Yorik’s sentimental Journey.
Da waren wir nun in Calais, in dem aus Yorik’s empfindsamen Reisen aller Welt bekannten Hotel Dessein, das ich bis dahin nur für eine von Sterne’s poetischen Fictionen gehalten hatte und nun auf vielleicht vierundzwanzig Stunden und länger mich selbst darin einheimisch fand; denn vierzig Jahre vor Erfindung der Dampfschiffe mußte noch günstiger Wind und ein Paketboot abgewartet werden, um von Frankreich nach Albion sich zu versetzen.

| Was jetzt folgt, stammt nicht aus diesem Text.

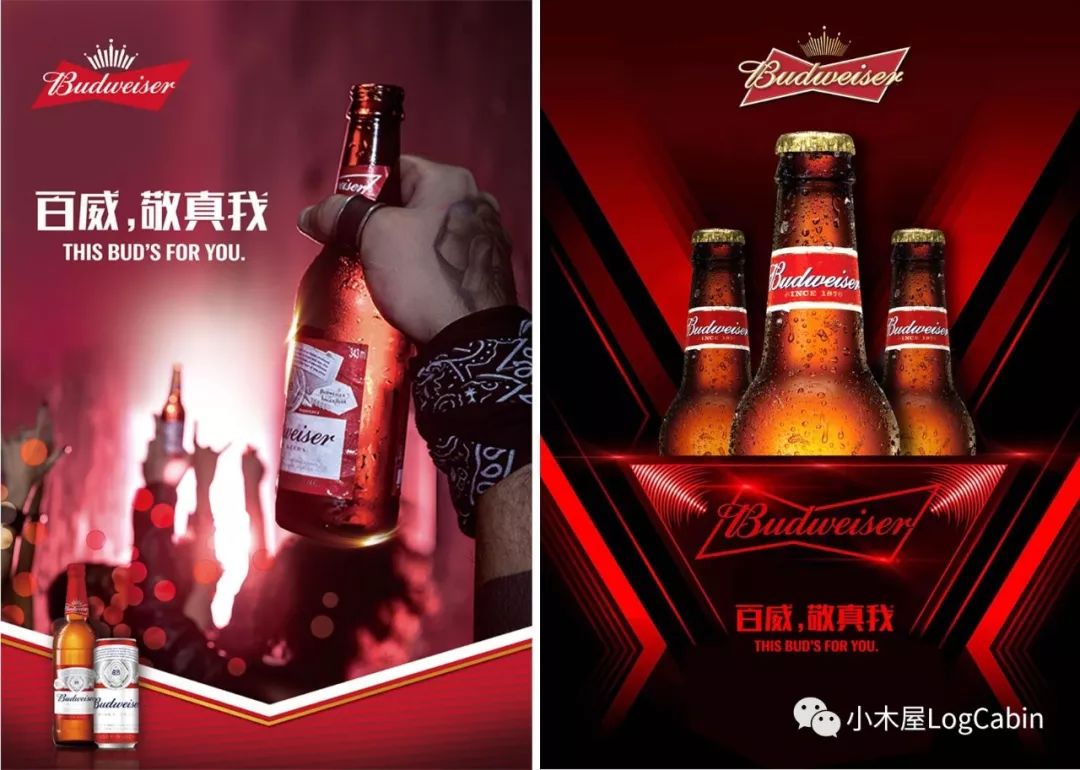隆江新城.小木屋,又出新品了,新品买一送一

Es war noch ziemlich frühe am Tage, für heute keine Aussicht sich einschiffen zu können vorhanden, und wir hatten Zeit vollauf, uns in Calais umzusehen. Mit unserm Gasthofe, als der uns zunächst liegenden Merkwürdigkeit, fingen wir an, und gaben die Hoffnung auf, hier eine größere zu finden, denn dieses wirklich kollossale Etablissement konnte an Umfang [359] beinahe einer kleinen Stadt sich vergleichen lassen. Ich habe seines Gleichen nie wieder gesehen, und glaube auch nicht, daß es noch irgendwo in der Welt anzutreffen sei. Es war ganz auf das damals durch Wind und Wetter bedingte unwillkürliche Verweilen der Reisenden, besonders der brittischen, berechnet und paßt nicht mehr für unsere rastlose, niemals Zeit habende Zeit.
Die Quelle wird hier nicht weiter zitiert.